EXERCISE PROMPT: The records appear below. Set down exactly each line from the one that contains "Item preview, Cat" through the last, both included.

[[ DATASET RECORDS, beginning ]]

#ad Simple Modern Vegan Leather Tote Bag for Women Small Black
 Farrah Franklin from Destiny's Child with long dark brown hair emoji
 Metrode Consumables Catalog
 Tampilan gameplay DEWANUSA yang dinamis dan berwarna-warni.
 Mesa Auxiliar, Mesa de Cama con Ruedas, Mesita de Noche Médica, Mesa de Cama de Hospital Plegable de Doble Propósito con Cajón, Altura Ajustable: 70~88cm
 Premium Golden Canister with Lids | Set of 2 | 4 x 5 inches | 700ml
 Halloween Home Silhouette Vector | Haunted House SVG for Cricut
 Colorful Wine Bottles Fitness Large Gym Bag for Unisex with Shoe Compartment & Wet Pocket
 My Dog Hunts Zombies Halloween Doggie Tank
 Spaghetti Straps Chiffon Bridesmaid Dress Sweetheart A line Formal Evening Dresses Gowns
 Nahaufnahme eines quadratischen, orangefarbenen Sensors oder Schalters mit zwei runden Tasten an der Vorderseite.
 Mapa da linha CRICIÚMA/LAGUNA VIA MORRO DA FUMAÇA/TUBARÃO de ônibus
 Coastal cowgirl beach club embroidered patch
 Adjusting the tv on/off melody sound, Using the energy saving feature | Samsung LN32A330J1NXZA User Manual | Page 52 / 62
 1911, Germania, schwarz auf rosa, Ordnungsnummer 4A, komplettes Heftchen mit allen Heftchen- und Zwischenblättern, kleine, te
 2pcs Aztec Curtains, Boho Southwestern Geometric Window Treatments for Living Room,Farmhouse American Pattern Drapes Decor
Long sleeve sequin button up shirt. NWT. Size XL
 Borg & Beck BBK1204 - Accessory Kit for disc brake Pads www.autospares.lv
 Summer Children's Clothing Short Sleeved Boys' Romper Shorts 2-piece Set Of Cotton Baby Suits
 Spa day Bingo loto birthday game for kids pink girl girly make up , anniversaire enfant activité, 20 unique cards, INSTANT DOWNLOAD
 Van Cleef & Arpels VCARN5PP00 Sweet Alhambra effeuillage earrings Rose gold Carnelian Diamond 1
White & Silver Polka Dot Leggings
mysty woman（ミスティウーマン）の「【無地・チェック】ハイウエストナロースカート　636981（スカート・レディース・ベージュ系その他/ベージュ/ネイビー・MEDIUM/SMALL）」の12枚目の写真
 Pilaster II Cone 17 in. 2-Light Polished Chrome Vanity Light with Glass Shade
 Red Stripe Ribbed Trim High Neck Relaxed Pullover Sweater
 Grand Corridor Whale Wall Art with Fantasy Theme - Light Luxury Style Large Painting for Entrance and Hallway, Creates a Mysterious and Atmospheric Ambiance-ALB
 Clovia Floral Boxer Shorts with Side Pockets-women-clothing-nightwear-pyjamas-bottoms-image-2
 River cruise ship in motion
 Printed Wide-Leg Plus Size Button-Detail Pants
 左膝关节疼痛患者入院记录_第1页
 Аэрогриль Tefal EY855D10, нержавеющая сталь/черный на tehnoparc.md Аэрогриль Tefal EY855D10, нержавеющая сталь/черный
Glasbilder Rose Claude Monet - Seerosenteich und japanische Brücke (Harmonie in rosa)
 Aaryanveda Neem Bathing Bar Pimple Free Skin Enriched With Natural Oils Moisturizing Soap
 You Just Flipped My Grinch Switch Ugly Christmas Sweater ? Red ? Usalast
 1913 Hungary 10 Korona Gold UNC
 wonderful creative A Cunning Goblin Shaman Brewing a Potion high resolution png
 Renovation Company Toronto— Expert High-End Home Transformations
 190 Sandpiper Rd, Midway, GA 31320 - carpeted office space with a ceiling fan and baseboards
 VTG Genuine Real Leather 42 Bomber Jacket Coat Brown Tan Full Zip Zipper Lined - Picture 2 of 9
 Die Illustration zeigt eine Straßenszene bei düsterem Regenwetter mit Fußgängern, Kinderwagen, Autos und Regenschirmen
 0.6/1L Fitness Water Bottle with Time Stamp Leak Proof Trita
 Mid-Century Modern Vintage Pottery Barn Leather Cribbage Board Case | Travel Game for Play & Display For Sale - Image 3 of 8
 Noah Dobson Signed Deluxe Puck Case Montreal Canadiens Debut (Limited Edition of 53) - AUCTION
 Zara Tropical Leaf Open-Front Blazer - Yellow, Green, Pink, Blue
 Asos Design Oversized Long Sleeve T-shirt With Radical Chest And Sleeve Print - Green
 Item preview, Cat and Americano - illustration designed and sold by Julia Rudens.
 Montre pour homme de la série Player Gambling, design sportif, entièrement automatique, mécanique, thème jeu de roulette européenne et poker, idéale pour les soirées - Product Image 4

[[ DATASET RECORDS, end ]]

RESULT FOR THIS TASK:
 Item preview, Cat and Americano - illustration designed and sold by Julia Rudens.
 Montre pour homme de la série Player Gambling, design sportif, entièrement automatique, mécanique, thème jeu de roulette européenne et poker, idéale pour les soirées - Product Image 4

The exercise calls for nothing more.